Equivalence of Cauchy Sequences and Cauchy Approximations, HoTT

Question

In HoTT book (Homotopy Type Theory), in order to construct Cauchy reals they introduce the notion of Cauchy approximation, which are defined as :

$$x \hspace{0.1cm} \colon \mathbb{Q} \to \mathbb{R} \hspace{0.1cm} \mbox{such that} \hspace{0.1cm} \forall \hspace{0.1cm} (\epsilon, \delta \colon \mathbb{Q}_+). d(x_{\epsilon}-x_{\delta})< \epsilon + \delta$$

If I have a standard Cauchy sequence $x \hspace{0.1cm} \colon \mathbb{N} \to \mathbb{R}$ than I can obtain a Cauchy approximation via its modulus of convergence $M$, i.e. the function $\epsilon \to x_{M(\epsilon)}$.

On the other hand, if I have a Cauchy approximation I can get a Cauchy sequence for example by $n \to x_{\frac{1}{n}}$.

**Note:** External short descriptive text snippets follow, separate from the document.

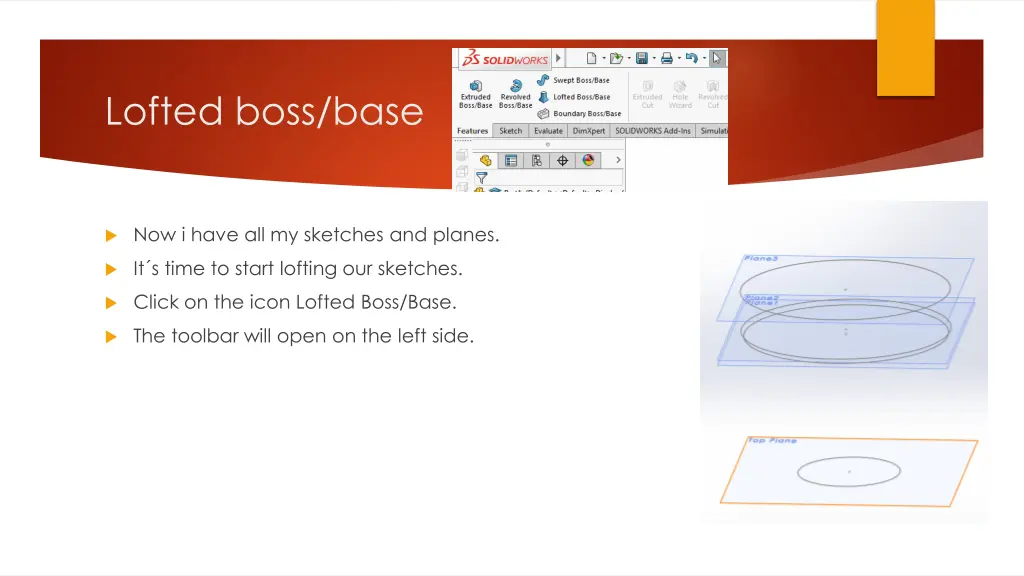 lofted boss base 1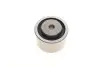 Комплект ГРМ + помпа Volvo C70/S60/S80/V60/V70/XC70/XC90 2.0-2.4D 01- (28x132z) Gates KP15580XS (фото 14)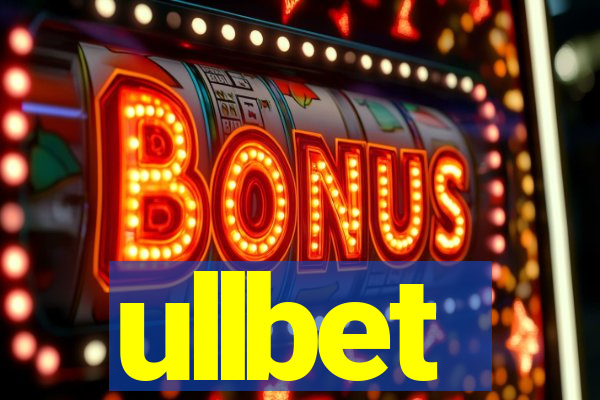 ullbet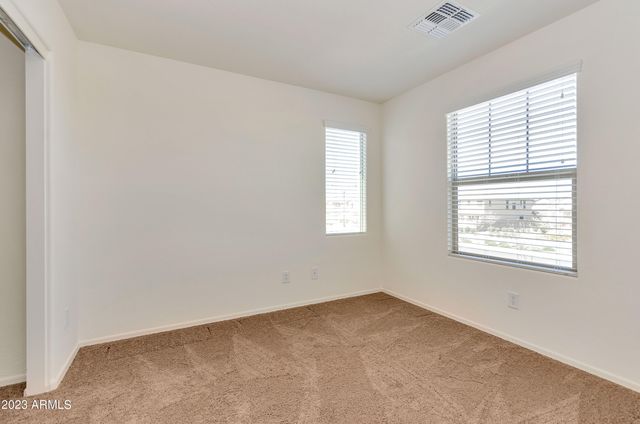 2223 S PONDEROSA Drive, Gilbert, AZ 85295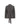 LonnieMD blazer - Dark Gray Melange-Blazers-Modström-Butler Loftet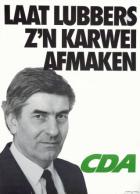 Bron: DNPP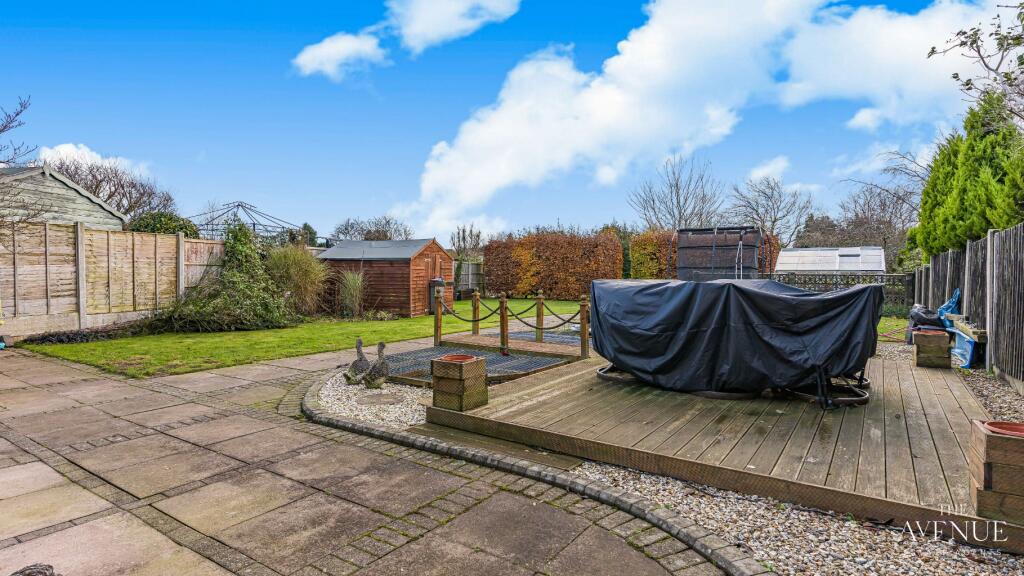 Additional image 24 of Hollyhurst Road, Sutton Coldfield, West Midlands, B73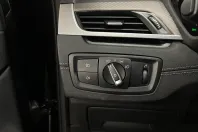 BMW X2 din 2021 cu 94.329 km - oferta BMW167541 - foto 30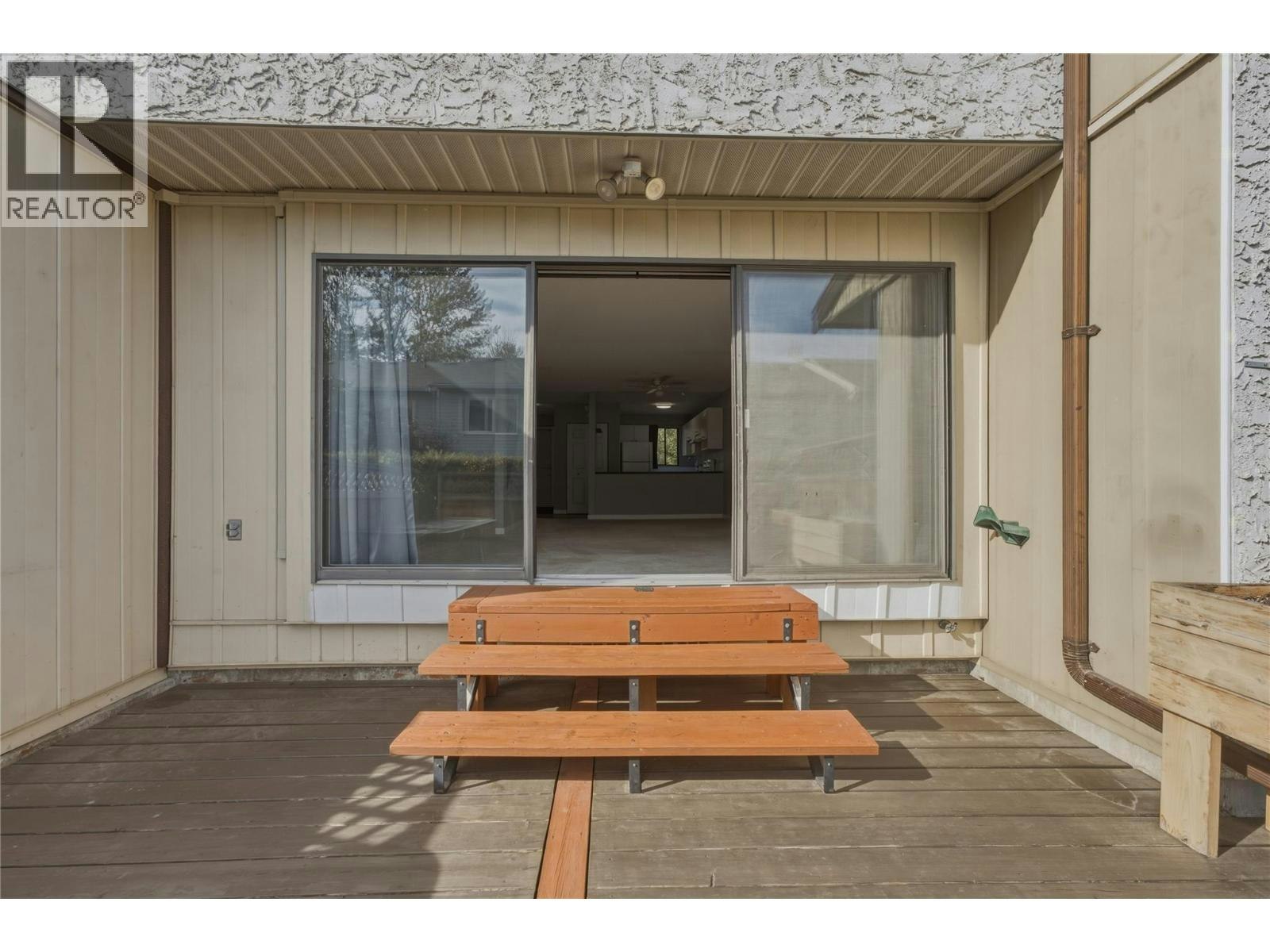 103-4100 24 Avenue, Vernon, BC, V1T 1M2 - 17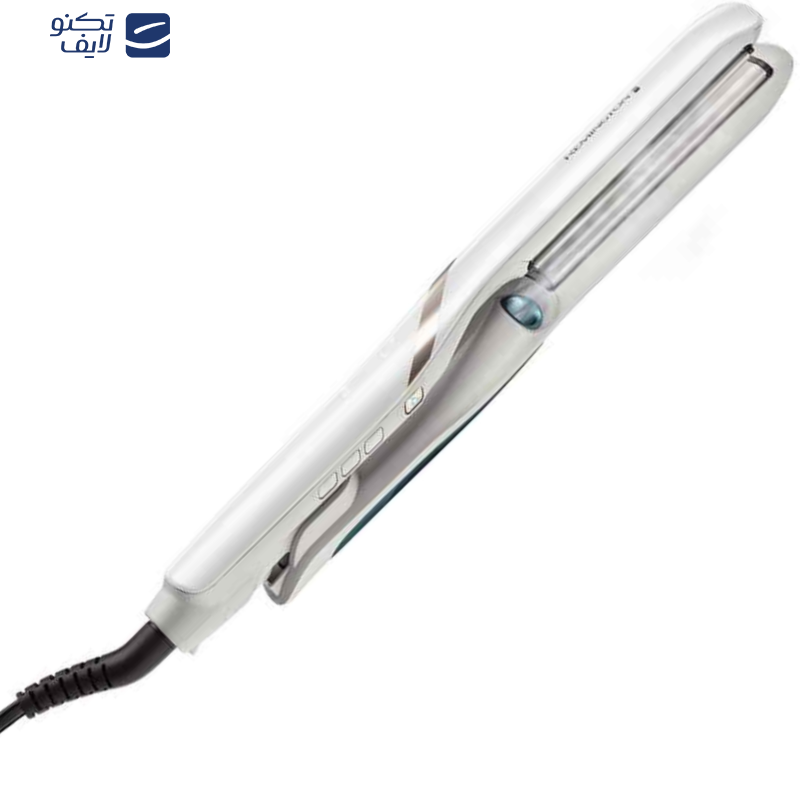 اتو مو رمینگتون مدل S9001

My question is : how do I show (if it's possible) that these two notions are equivalent if I'm interested only in their limits? More precisely :

• if I have a Cauchy approximation $x$ and two Cauchy sequences $\bar{x}, \tilde{x}$ obtained from $x$, is it true that $\mbox{lim}(\bar{x})= \mbox{lim}( \tilde{x})$ ?
• if I have a Cauchy sequence $x$ and two Cauchy approximations $\bar{x}, \tilde{x}$ obtained from $x$, do they have the same limit?

I think it would be sufficient to show that in either cases they are arbitrarily close.

Any help would be appreciated!

Answer 1

It depends on exactly what you mean by "obtained from", so let me make that definite:

• If $x$ is a Cauchy approximation, and $\epsilon_n,\delta_n : \Bbb N \to \Bbb Q_+$ are two sequences such that $\epsilon_n \to 0, \delta_n \to 0$ as $n \to \infty$, then $$\lim_{n\to\infty} x(\epsilon_n) = \lim_{n \to \infty} x(\delta_n) = \lim_{\epsilon \to 0+} x(\epsilon)$$
• If $y$ is a Cauchy sequence, and $n, m : \Bbb Q_+ \to \Bbb N$ are two functions such that $\lim_{\epsilon \to 0+}n(\epsilon) = \infty$ and $\lim_{\epsilon \to 0+}m(\epsilon) = \infty$, then $$\lim_{\epsilon \to 0+}y_{n(\epsilon)} = \lim_{\epsilon \to 0+}y_{m(\epsilon)} = \lim_{n \to \infty}y_n$$

(I am assuming $0\notin \Bbb Q_+$. If you are allowing $0 \in \Bbb Q_+$ then certain adjustments must be made in this post.)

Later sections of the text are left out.